# January Tank of the Month Poll



## ZebraDanio12 (Jun 17, 2011)

Here is the pole for January Tank of the Month! Vote for your favorite tank! I'd really like to get started again what we used to do with TOTM, and give comments on the tanks. 
Good Luck!

Tank 1,









Tank 2,









Tank 3,









Tank 4,









Tank 5,









Tank 6,


----------



## ZebraDanio12 (Jun 17, 2011)

Tank 1: Wow thats a lot of java fern! I can't get mine to grow that way! It looks very healthy and awesome.
Tank 2: I love your setup. Makes me sooo jealous. The plants look great, and beautiful.
Tank 3: Great setup! I love the driftwood in the middle, it really adds to the natural look. 
Tank 4: Very clean tank. I like how you have the rocks set up, and the dark substrate. Cute frog!
Tank 5: simple, and it looks great! I love the swords, and the driftwood is nice!
Tank 6: Also simple, but it looks very nice and clean. p.s. that betta in the back is so pretty.


----------



## lostfish69 (Jan 7, 2014)

voted for 2, i liked 4 and 6 a lot too.

couldn't see 1


----------



## dani2spot (Sep 19, 2013)

i had a hard time deciding between tank 1 and tank 5. i went with 5 because i think it looks like a more complete and aesthetic environment. 
however, if that's a java fern in tank 1, it's one of the nicest pieces i've seen in a home aquarium. props to the owner.

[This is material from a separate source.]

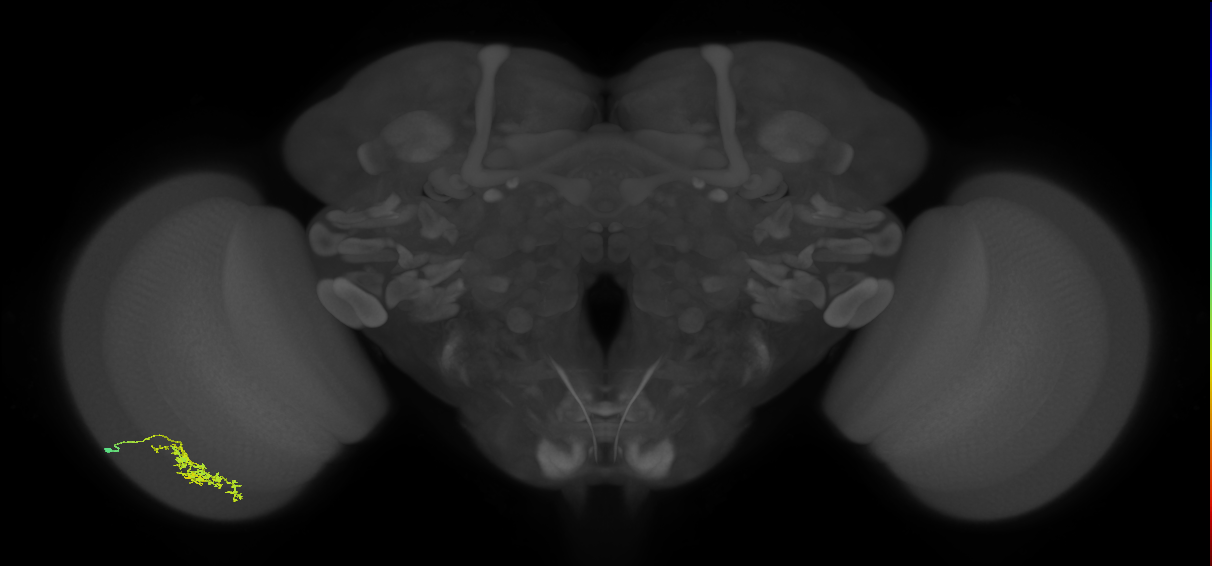 Cm7_L (MaleCNS:125483)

i'm a sucker for those blackwater-looking setups =P


----------



## Betta man (Mar 25, 2011)

Pole....As in north pole?  Poll would be correct.


----------



## ZebraDanio12 (Jun 17, 2011)

It was late! my bad.


----------



## Betta man (Mar 25, 2011)

Lol. Just ask a mod to fix the title for ya. That's what i liked about being a mod. Every title error i ever made could easily be fixed with the double click of a mouse. It was wonderful to finally have The Spawn log instead of the Sawn log for my betta breeding lol. I should post some pics of my stiktos fry.


----------